Last week, the Australian Bureau of Statistics (ABS) reported that the policy-relevant trimmed mean inflation surged by 1.0% in the September quarter to be 3.0% higher year-on-year—the top of the Reserve Bank of Australia’s (RBA) target band.

Inflation pressures were broad-based, with the share of CPI items growing above 3% rising to 50% in Q3, up from 37% in Q2:

The surge in CPI inflation has killed off hopes of near-term interest rate cuts, with financial markets ascribing a near-zero chance of the RBA cutting rates further.
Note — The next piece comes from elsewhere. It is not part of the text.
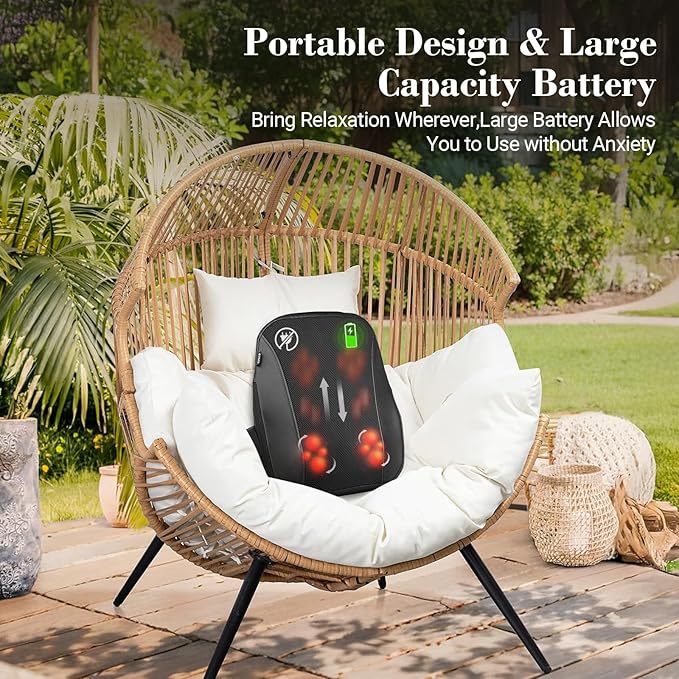 Cordless Shiatsu Lower Back Massager - 4D Kneading Low Back Massager for Pain Relief Deep Tissue,Portable Up and Down Rolling Massage for Home Office, for Women Men - Bloomnest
On Monday, the inflation picture in Australia worsened, with the unofficial Melbourne Institute (MI) measure of trimmed mean inflation surging higher.
As illustrated below by Justin Fabo from Antipodean Macro, MI quarterly trimmed mean inflation continued its upward surge in October, mirroring the quarterly jump in the ABS trimmed mean inflation:

Overall, the result bolsters the case that the RBA will keep interest rates on hold for the foreseeable future.
For the RBA to even consider a rate cut would require:
- Trimmed mean inflation falling back toward the middle of the target band (i.e., closer to 2.5%); and/or
- The unemployment rate rising significantly above its current level of 4.5%.
A significant rise in unemployment is the more likely outcome given the rapid expansion in labour supply (courtesy of high immigration) amid weak private sector employment growth.
But even if unemployment were to rise, any additional rate relief would be unlikely to arrive until the second quarter of 2026 at the earliest.